- EXERCISE OBJECTIVE
Look below for the line containing "Комплект прилавков ЛОРНЕТ №9, Орех" and the line containing "Engels E.6 (Fokker", then set down both and every line between them exactly, without pictures.

─── RECORDS

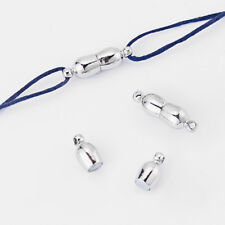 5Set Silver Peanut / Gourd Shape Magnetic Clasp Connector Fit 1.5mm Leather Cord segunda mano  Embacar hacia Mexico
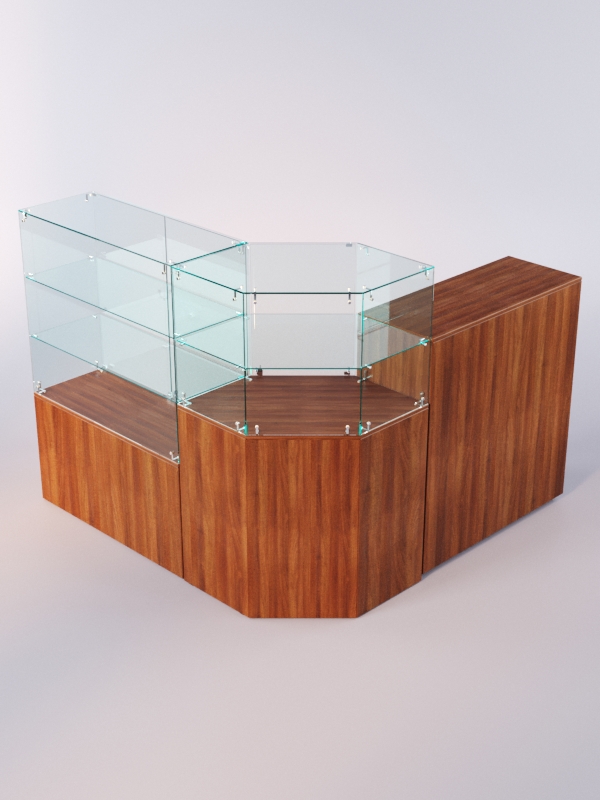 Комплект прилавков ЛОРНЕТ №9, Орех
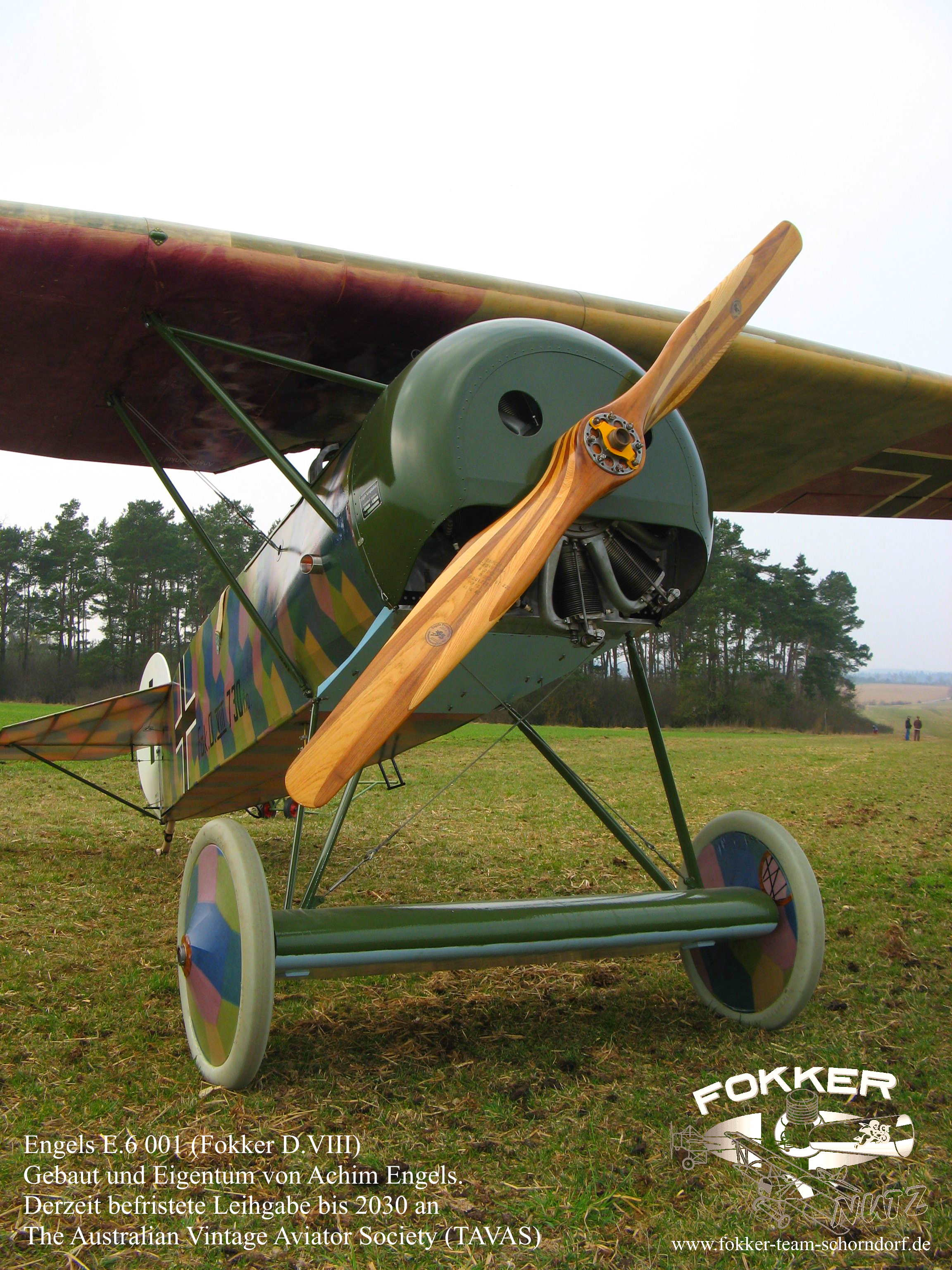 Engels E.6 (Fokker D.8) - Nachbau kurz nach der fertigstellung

──────
─── RECORDS

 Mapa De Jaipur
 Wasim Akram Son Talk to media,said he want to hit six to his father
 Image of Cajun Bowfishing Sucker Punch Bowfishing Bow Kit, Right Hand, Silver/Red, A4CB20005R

──────

- ANSWER FOR THE TASK
 Комплект прилавков ЛОРНЕТ №9, Орех
 Engels E.6 (Fokker D.8) - Nachbau kurz nach der fertigstellung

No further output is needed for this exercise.